### ENTRIES SUPPLIED
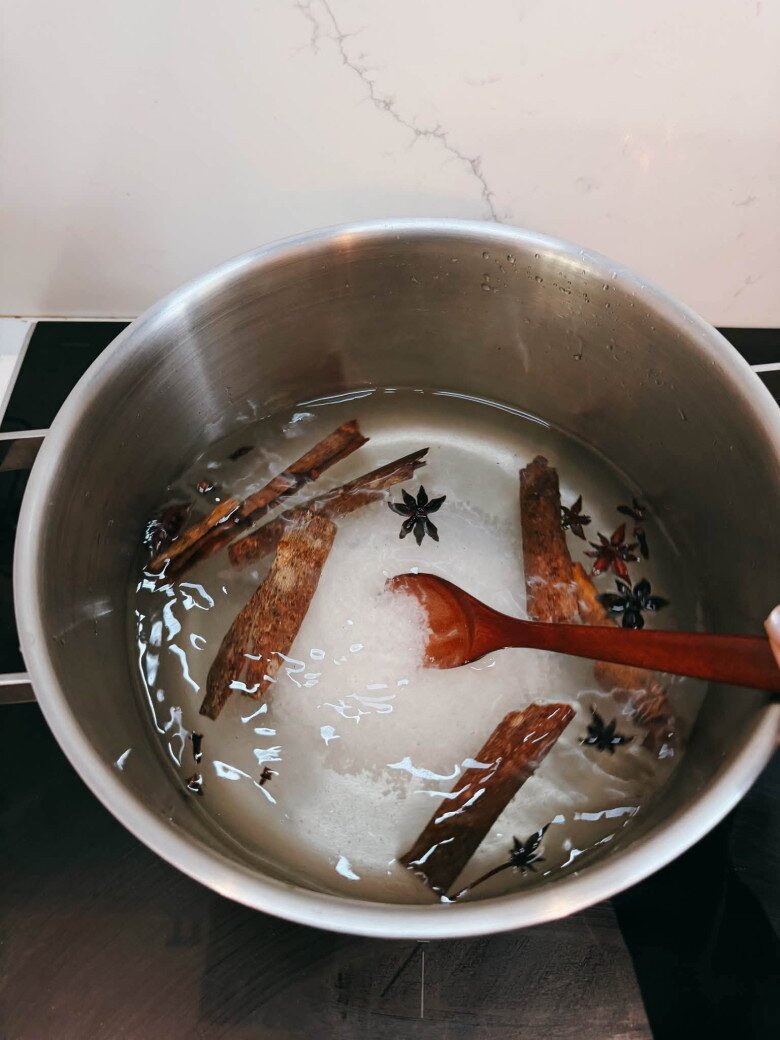 Cách làm trứng muối hoàn hảo cho bánh Trung Thu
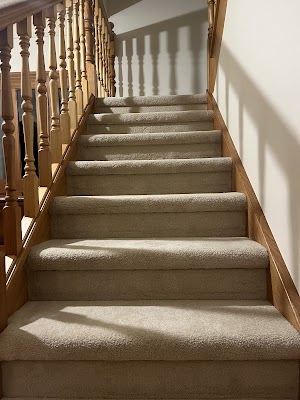 Solomons Flooring North Geelong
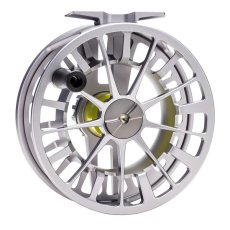 画像8: Centerfire　ラムソン　LAMSON (8)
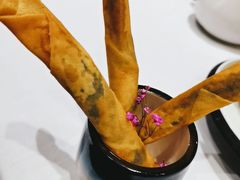 -上海1号私藏菜(静安店)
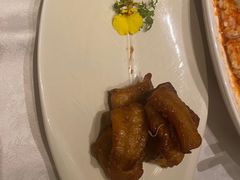 -海味观(老西门店)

### TASK ITEM
Line by line and exactly, write out the material above. Skip the pictures.

### SOLUTION
 Cách làm trứng muối hoàn hảo cho bánh Trung Thu
 Solomons Flooring North Geelong
 画像8: Centerfire　ラムソン　LAMSON (8)
 -上海1号私藏菜(静安店)
 -海味观(老西门店)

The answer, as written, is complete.